Новая, важная связь Борисова с наследственным врагом Швеции могла также беспокоить Карла. Известив соседственных и других венценосцев, императора, Елисавету о своем воцарении, Борис долго медлил оказать сию учтивость королю датскому, Христиану; но с 1601 года начались весьма дружелюбные сношения между ними. В одно время послы Христиановы, Эске Брок и Карл Бриске, отправились в Москву, а наши, знатный дворянин Ржевский и дьяк Дмитриев в Копенгаген, для взаимного приветствия и для разрешения старых, бесконечных споров о кольских и варгавских пустынях. Доказывая, что вся Лапландия принадлежала Норвегии, Христиан ссылался на «Историю» Саксона Грамматика и даже на Мюнстерову «Космографию»; говорил еще, что сами россияне издревле называют Лапландию Мурманскою или Норвежскою землею; а мы возражали, что она, без сомнения, наша, ибо в царствование Василия Иоанновича новгородский священник Илия крестил ее диких жителей, и еще утверждали сие право собственности следующею повестью, основанною на предании тамошних старцев: «Жил некогда в Кореле, или Кексгольме, знаменитый владетель именем Валит, или Варент, данник великого Новгорода, муж необычной храбрости и силы: воевал, побеждал и хотел господствовать над Лопью, или Мурманскою землею. Лопари требовали защиты соседственных норвежских немцев; но Валит разбил и немцев там, где ныне летний погост Варенгский и где он, в память векам, положил своими руками огромный камень, в вышину более сажени; сделал вокруг него твердую ограду в двенадцать стен и назвал ее Вавилоном: сей камень и теперь именуется Валитовым. Такая же ограда существовала на месте Кольского острога. Известны еще в земле Мурманской губа Валитова и городище Валитово среди острова или высокой скалы, где безопасно отдыхал витязь корельский. Наконец побежденные немцы заключили с ним мир, отдав ему всю Лопь до реки Ивгея. Долго славный и счастливый, Валит, именем христианским Василий, умер и схоронен в Кексгольме в церкви Спаса; лопари же с того времени платили дань Новгороду и царям московским». Сии исторические доводы с обеих сторон были не весьма убедительны, и датчане в знак миролюбия желали разделить Лапландию с нами вдоль или поперек на две равные части; а Борис из любви к Христиану уступал ему все земли за монастырем Печенским к северу, предоставляя датским и российским чиновникам на будущем съезде близ Колы означить границы обеих держав. Между тем возобновили договор о свободной торговле датских купцов в России; условились и в деле важнейшем.

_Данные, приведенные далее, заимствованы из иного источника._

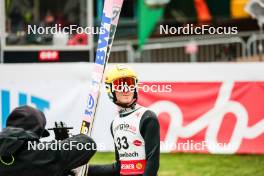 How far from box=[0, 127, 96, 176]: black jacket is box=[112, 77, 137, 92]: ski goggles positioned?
1.18 meters

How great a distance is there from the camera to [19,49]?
14453 mm

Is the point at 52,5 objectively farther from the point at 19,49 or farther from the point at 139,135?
the point at 139,135

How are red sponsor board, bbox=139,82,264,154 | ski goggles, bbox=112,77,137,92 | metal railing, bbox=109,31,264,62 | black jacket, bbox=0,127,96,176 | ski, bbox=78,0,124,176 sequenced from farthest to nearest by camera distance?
metal railing, bbox=109,31,264,62, red sponsor board, bbox=139,82,264,154, ski, bbox=78,0,124,176, ski goggles, bbox=112,77,137,92, black jacket, bbox=0,127,96,176

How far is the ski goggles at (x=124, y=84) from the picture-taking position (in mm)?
5656

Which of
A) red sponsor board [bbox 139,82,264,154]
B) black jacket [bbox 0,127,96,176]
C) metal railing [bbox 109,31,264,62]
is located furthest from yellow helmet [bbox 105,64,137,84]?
metal railing [bbox 109,31,264,62]

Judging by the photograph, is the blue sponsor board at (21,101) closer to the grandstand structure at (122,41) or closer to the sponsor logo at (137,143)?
the grandstand structure at (122,41)

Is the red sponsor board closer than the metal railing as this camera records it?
Yes

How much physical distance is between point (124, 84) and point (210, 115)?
5.34 m

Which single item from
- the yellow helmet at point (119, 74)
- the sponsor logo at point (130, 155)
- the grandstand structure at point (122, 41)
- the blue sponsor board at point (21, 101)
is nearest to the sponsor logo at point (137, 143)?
the sponsor logo at point (130, 155)

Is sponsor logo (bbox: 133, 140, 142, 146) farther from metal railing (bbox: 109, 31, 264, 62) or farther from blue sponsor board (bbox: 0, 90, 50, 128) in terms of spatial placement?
metal railing (bbox: 109, 31, 264, 62)

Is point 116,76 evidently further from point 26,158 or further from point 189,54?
point 189,54

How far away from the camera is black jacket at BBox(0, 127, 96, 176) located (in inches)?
177

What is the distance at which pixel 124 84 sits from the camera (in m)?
5.67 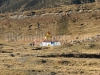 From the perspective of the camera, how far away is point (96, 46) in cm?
4053

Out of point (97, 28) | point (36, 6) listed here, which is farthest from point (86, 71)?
point (36, 6)

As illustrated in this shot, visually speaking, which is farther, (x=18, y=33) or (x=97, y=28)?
(x=18, y=33)

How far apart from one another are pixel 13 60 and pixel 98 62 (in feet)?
22.4

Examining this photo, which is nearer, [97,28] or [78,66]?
[78,66]

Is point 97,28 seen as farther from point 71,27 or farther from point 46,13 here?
point 46,13

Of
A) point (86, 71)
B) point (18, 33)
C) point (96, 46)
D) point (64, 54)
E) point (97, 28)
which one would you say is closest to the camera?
point (86, 71)

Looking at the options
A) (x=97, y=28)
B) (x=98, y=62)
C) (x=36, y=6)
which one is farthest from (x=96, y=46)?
(x=36, y=6)

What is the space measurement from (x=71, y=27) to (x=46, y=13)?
14.5 m

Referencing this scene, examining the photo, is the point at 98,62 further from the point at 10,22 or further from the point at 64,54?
the point at 10,22

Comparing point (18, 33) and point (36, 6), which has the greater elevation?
point (36, 6)

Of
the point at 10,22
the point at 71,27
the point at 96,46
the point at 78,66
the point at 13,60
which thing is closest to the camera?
the point at 78,66

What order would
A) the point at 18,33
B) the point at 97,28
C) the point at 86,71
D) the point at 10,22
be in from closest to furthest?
the point at 86,71
the point at 97,28
the point at 18,33
the point at 10,22

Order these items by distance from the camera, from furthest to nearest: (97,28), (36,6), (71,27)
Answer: (36,6) < (71,27) < (97,28)

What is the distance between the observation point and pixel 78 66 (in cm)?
2408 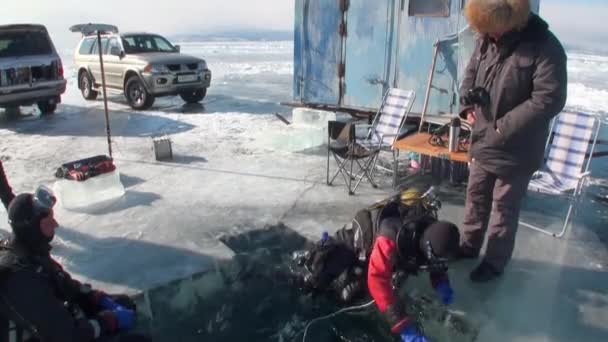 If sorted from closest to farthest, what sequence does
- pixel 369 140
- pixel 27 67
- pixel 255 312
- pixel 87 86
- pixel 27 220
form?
1. pixel 27 220
2. pixel 255 312
3. pixel 369 140
4. pixel 27 67
5. pixel 87 86

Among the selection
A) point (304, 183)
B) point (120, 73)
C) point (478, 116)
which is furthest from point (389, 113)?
point (120, 73)

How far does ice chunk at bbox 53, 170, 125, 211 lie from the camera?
4.80 meters

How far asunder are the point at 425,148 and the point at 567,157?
1.29 metres

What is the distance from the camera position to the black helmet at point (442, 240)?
246 cm


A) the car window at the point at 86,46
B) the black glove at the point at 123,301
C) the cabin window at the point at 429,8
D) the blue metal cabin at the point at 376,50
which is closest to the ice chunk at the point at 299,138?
the blue metal cabin at the point at 376,50

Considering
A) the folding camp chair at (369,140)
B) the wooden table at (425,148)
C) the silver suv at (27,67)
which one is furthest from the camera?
the silver suv at (27,67)

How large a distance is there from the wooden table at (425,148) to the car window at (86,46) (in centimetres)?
923

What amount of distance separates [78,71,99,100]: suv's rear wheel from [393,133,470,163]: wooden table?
361 inches

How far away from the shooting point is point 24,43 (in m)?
8.85

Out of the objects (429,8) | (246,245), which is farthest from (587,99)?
(246,245)

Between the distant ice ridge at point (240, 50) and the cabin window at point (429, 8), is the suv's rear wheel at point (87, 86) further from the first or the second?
the distant ice ridge at point (240, 50)

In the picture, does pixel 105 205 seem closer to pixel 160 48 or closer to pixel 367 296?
pixel 367 296

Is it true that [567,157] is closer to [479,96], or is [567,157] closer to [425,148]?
[425,148]

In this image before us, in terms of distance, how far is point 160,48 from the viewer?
10.9 m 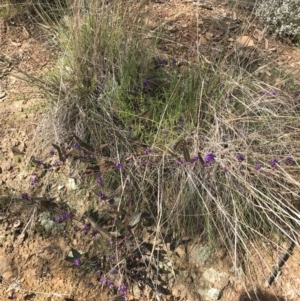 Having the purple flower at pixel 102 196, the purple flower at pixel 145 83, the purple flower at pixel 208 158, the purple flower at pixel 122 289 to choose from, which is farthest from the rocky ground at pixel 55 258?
the purple flower at pixel 208 158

Борис искал достойного жениха для прелестной царевны между европейскими принцами державного племени, чтобы таким союзом возвысить блеск своего дома в глазах бояр и князей российских, которые еще недавно видели Годуновых ниже себя: не успев в намерении отдать руку дочери вместе с Ливонией Густаву, сей нежный родитель и хитрый политик надеялся доставить счастие Ксении и выгоды государству супружеством ее с герцогом Иоанном, братом Христиановым, юношею умным и приятным, который подобно Густаву мог служить орудием наших властолюбивых замыслов на Эстонию, бывшую собственность Дании. Царь предложил, и король, не устрашенный судьбою Магнуса, обрадовался чести быть сватом знаменитого самодержца московского, в надежде его усердным вспоможением осилить враждебную Швецию. К сожалению, любопытные бумаги о сем сватовстве утратились: не знаем условий о вере, о приданом, ни других взаимных обязательств; но знаем, что Иоанн согласился жертвовать Ксении отечеством и быть удельным князем в России: не для того ли, чтобы в случае возможного несчастия, преждевременной кончины юного царевича трон московский имел наследников в семействе Борисовом? о чем, вероятно, думал царь дальновидный, с горячностью любя сына, но любя и мысль о непрерывном наследстве короны в течение веков для своего рода. Жених воевал тогда в Нидерландах под знаменами Испании: спешил возвратиться, сел на адмиральский корабль и вместе с пятью другими приплыл (10 августа 1602 [года]) к устью Наровы. Там ожидала гостя ладья царская, устланная бархатом, – и как скоро герцог ступил на землю Русскую, загремели пушки: боярин Михайло Глебович Салтыков и думный дьяк Власьев приветствовали его именем царя, – ввели в богатый шатер и поднесли ему 80 драгоценнейших соболей. В карете, блистающей золотом и серебром, Иоанн ехал в Ивангород мимо Нарвы, где развевались знамена на башнях и стенах, усеянных любопытными зрителями: так приветствовали его и шведы, внутренне опасаясь сего путешествия, коего цель они уже знали или угадывали.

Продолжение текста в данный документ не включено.